My late husband, Michael Stepanich, was a mechanical engineer with General Motors from the day he left the Air Force until the day he retired. He always admonished his job-hopping son, “I’ve had only two employers in my life––the U. S. Air Force and General Motors.” Of course, that was back in the day when employers valued loyal employees.
From the day we were married, Michael always told me I should have been an engineer. First, I’m pathologically curious as to how things are put together, how they work, and how I can make them work when they break down. I can usually repair things around the house, but I don’t always use a “traditional” method to fix them. (See my previous blog, “How to open a P. O. box in Peoria.”)
Recently, the need arose for my engineering skills, or at least my skill at making do with what’s at hand. I have a printer (I’ve excluded the brand name to protect the guilty) that has an unusual method of expelling a page after it’s been printed. The paper wends its way past the ink jets and then is propelled into the outgoing tray. I say “propelled” but I should probably say “jet-propelled.” It whooshes out of the printer and sails across the room unless I put my hand in front of the tray to catch the printed page.

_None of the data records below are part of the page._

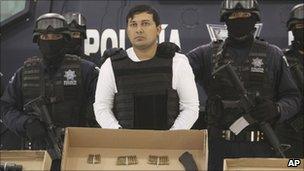 Federal police agents present Jesus Enrique Aguilar, alias "El Mamito" to the media in Mexico City, 4 July 2011
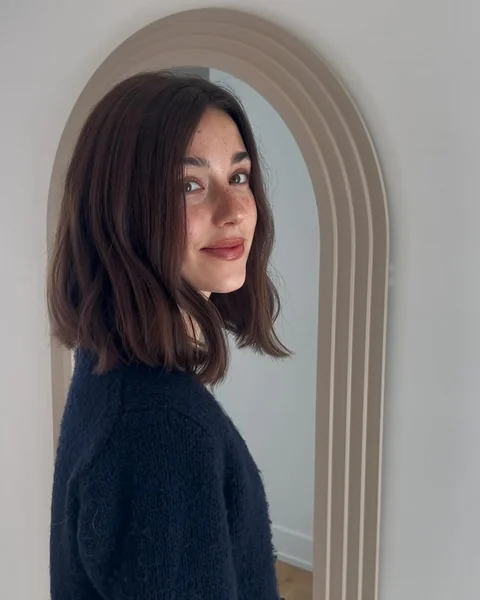 Wavy Layered Bob for Thick Wavy Hair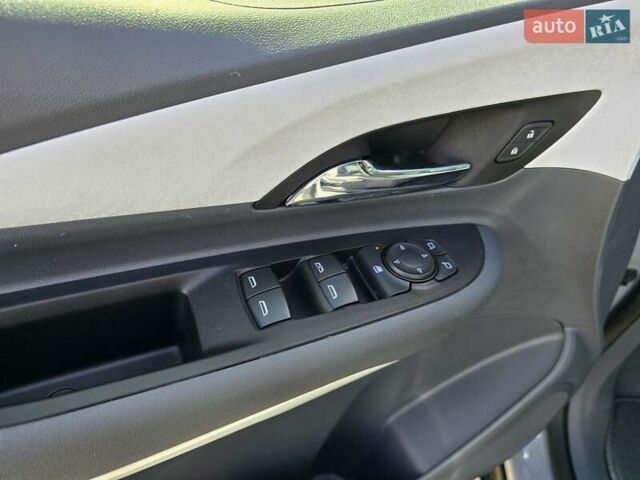 Серый Шевроле Bolt EV, объемом двигателя 0 л и пробегом 35 тыс. км за 16000 $, фото 11 на Automoto.ua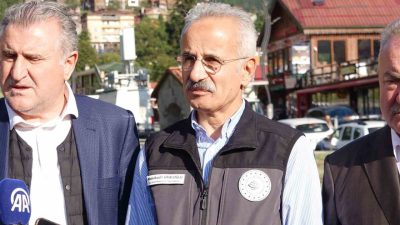 Ulaştırma ve Altyapı Bakanı Abdulkadir Uraloğlu, “Bundan sonra iş makinelerinin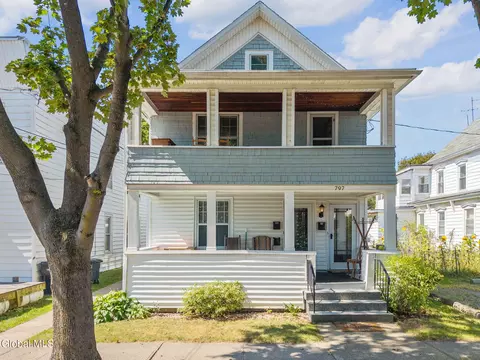 797 1st Ave, Troy, NY 12182
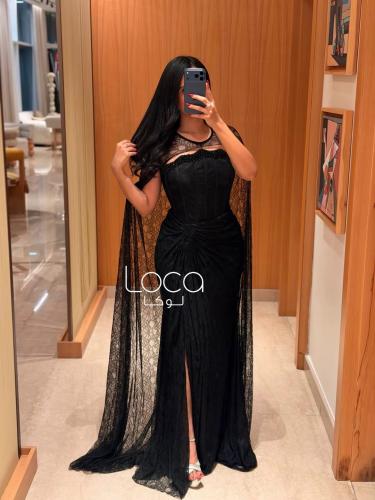 فستان سهرة أسود دانتيل بشال طويل وفتحة أمامية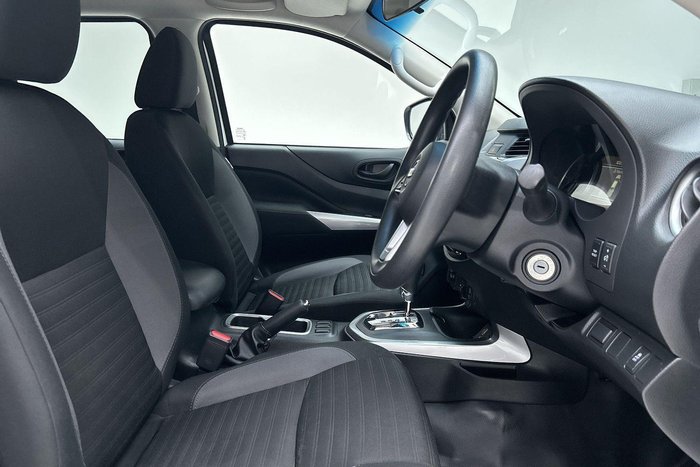 2021 Nissan Navara SL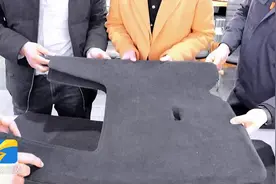 专精特新看中国｜让汽车地毯柔软无脚印，让每架飞机减重50公斤 这款国内首次研制出的新材料是“山东造”图片
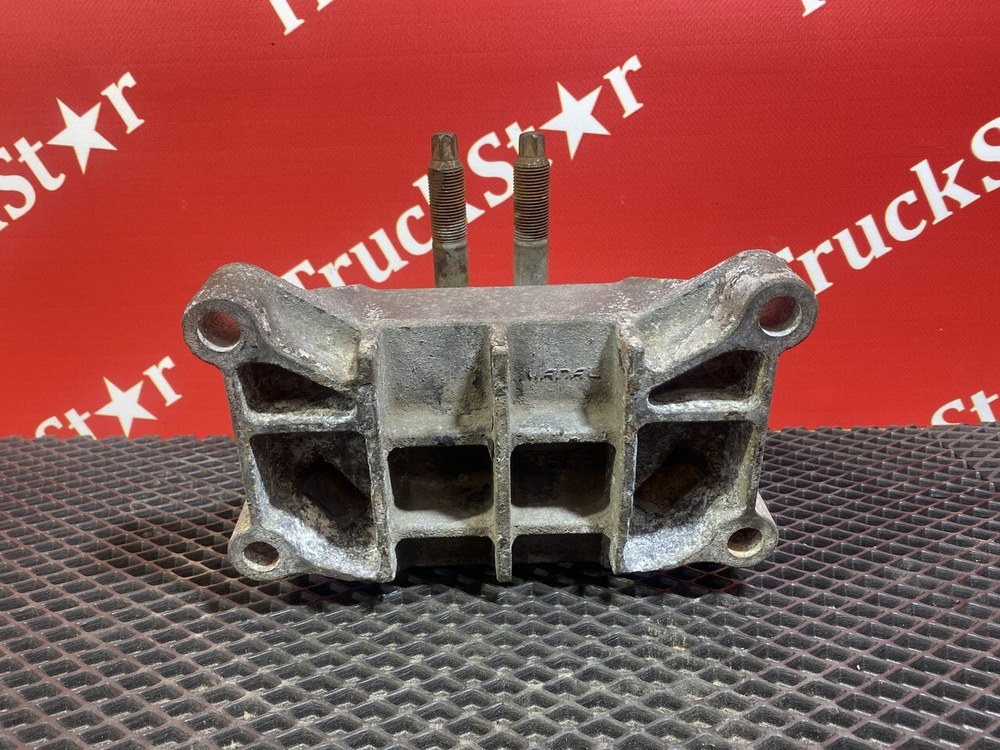 Подушка двигателя задняя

There is a built-in gadget that works fairly well at catching the paper. It’s a small, two-inch wide extension that can be pulled out an additional three inches. There is a very small, attached “lip” that flips up to stop the paper from sailing across the floor. That “lip” is held on to the extension by two extremely tiny plastic rods. And yes, one of those tiny plastic rods broke recently, and the “lip” would no longer flip up.
My first thought was to super glue the little rod back in place. I searched up and down the house to find a bottle of that type of glue. You know the kind I mean––the one that doctors now use to glue your incision closed after surgery, or the type your manicurist uses to glue a fingernail in place. Eureka! I finally found a small bottle of super glue. Did you know that when that stuff is not used for a while, it solidifies into a bottle of concrete? So, scratch the idea of super glue.
Next, I decided to rely on an old standby––Elmer’s. That stuff usually holds anything. The only drawback is the time it takes for it to dry. And I was dealing with gluing the end of a rod that was about a half-inch long and a centimeter in diameter to its host, about the same size. I liberally applied the Elmer’s, and held the tiny rod in place for what I considered to be sufficient time for the glue to dry. Finally, holding my breath in anticipation, I let go of the rod, expecting it to stay in place. Of course, it didn’t. It did, however, stick to my finger.
In frustration and anger, I affixed the flip-up lip to the printer’s paper tray with what I had at hand. I taped it in place with every handyman’s standby product––duct tape. I wrapped the tape several times around the tiny rod and onto the extension. Looking like the injured passenger in a head-on collision, the little flip-up lip now did its job effectively. Paper no longer sailed across the room after being printed.
Of course, now the paper occasionally sticks to the tape and has to be carefully peeled off the tray.